About this exercise >> Set down again, exactly and only, the lines from the one that contains "Mum, dad and" through the last line of the records below, both included, but not the pictures.

Short web captions
□ □ □
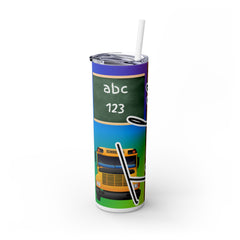 Colorful Teacher Skinny Tumbler with Straw - 20oz Personalized Gift for Educators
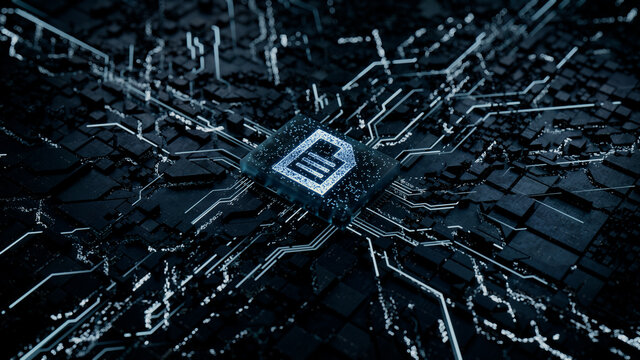 Word document Technology Concept with document symbol on a Microchip. Data flows from the CPU across a Futuristic Motherboard. 3D render.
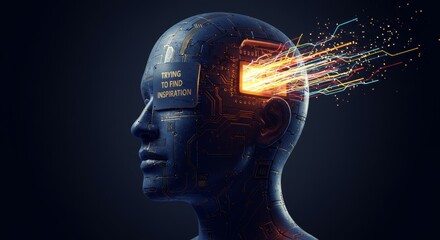 Digital Humanoid Head with Glowing Circuitry Expressing the Quest for Inspiration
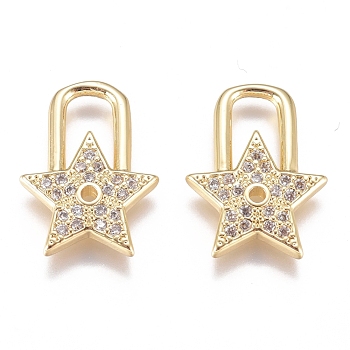 Brass Micro Pave Cubic Zirconia Pendants, Long-Lasting Plated, Star, Clear, Golden, 15.5x12x2mm, Hole: 3.5mm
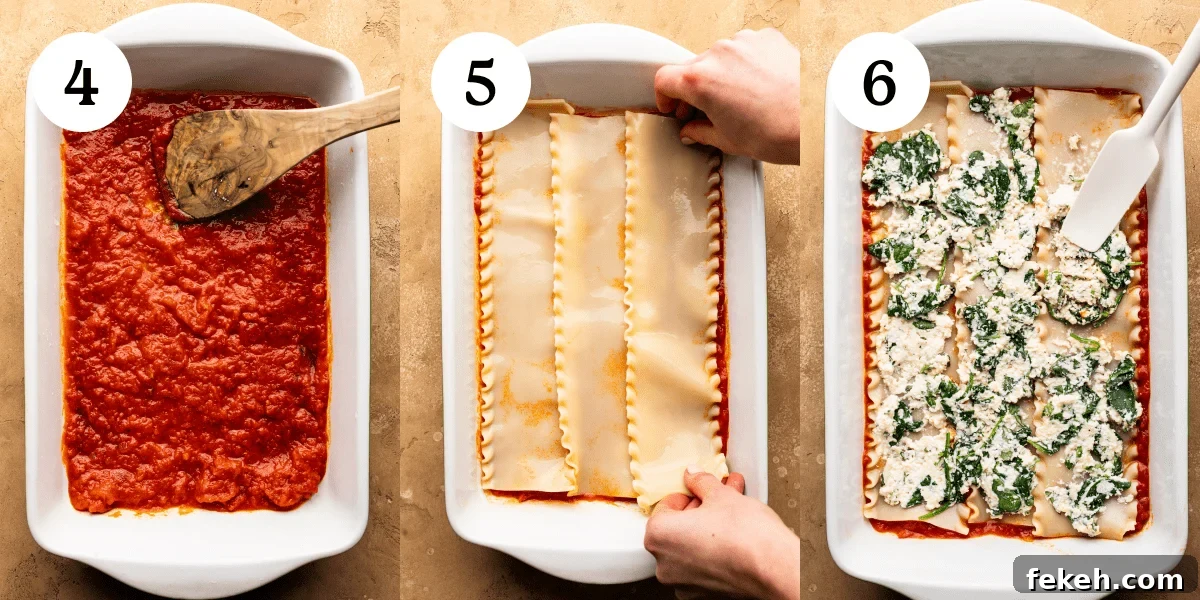 Creamy Spinach Lasagna Recipe with Ricotta and Mozzarella 5 A collage of three photos. The first photo is a wooden spoon spread red tomato sauce in a white lasagna dish. The second photo is two hands laying cooked lasagna noodles in the same dish over the red sauce. The third photo is a white rubber spatula spreading spinach and ricotta filler over lasagna noodles in the same white dish.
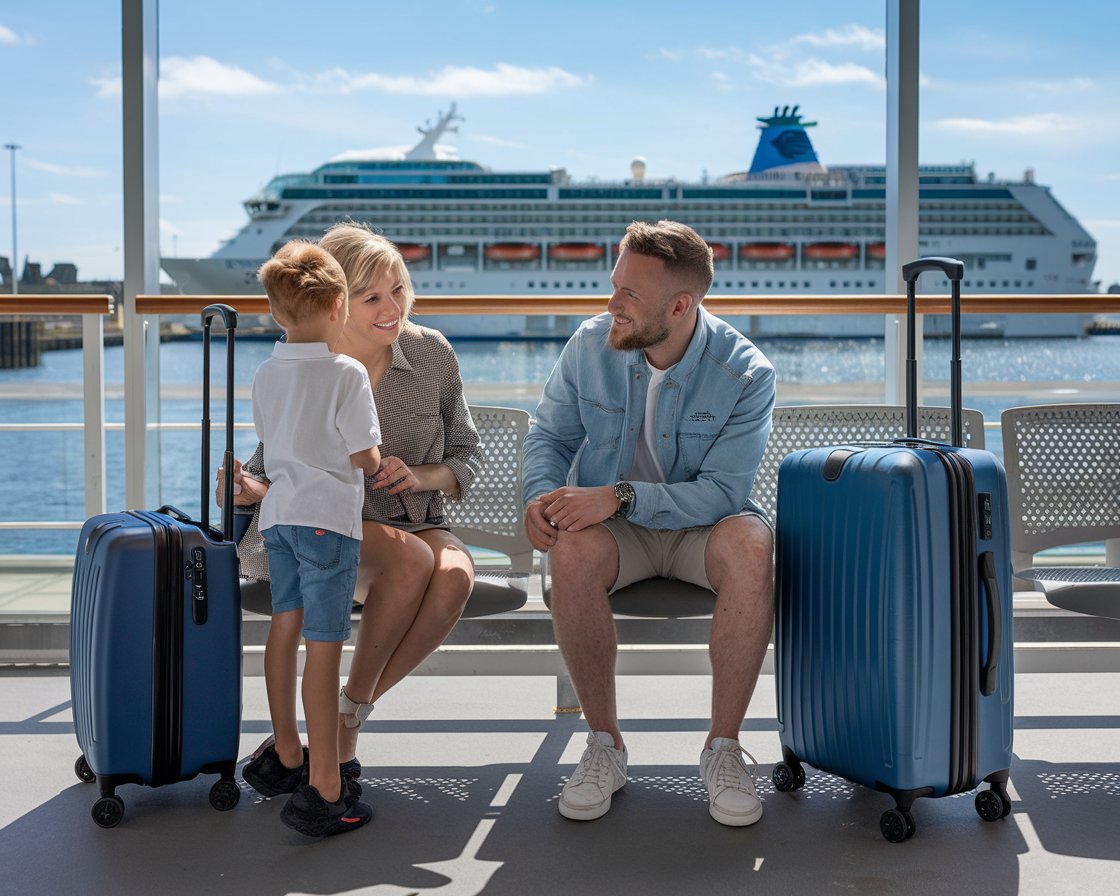 Mum, dad and 1 kid dressed in shorts with luggage. They are sitting in the waiting room at Belfast Harbour Port terminal. It's a sunny day with a cruise ship in the background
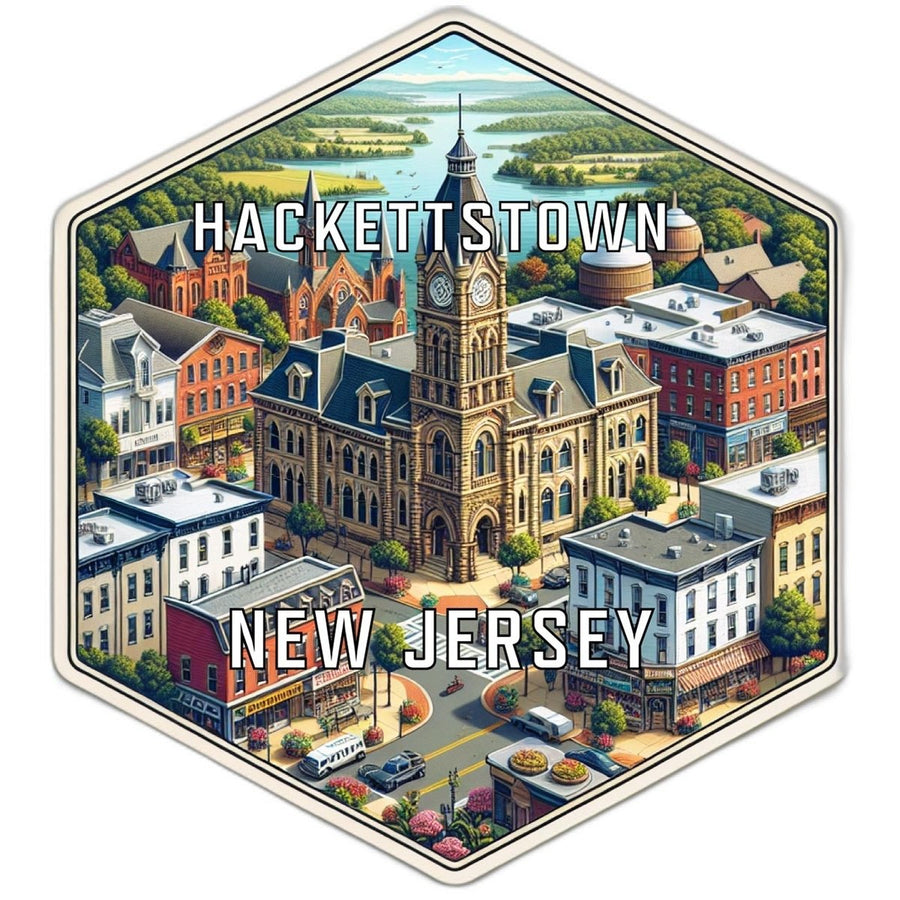 Hackettstown Jersey Souvenir Travel Destination Die Cut Hexagon Fridge Magnet Image 1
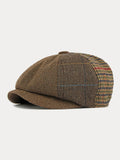 Retro Herringbone Patchwork Newsboy Cap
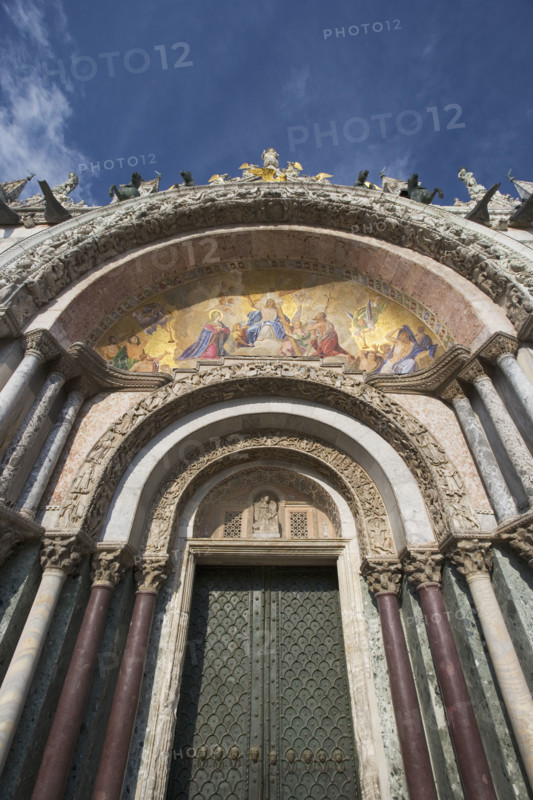 The Last Judgment Byzantine mosaic St Mark's Basilica Piazza San Marco Venice Italy.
□ □ □
Solved exercise >>
 Mum, dad and 1 kid dressed in shorts with luggage. They are sitting in the waiting room at Belfast Harbour Port terminal. It's a sunny day with a cruise ship in the background
 Hackettstown Jersey Souvenir Travel Destination Die Cut Hexagon Fridge Magnet Image 1
 Retro Herringbone Patchwork Newsboy Cap
 The Last Judgment Byzantine mosaic St Mark's Basilica Piazza San Marco Venice Italy.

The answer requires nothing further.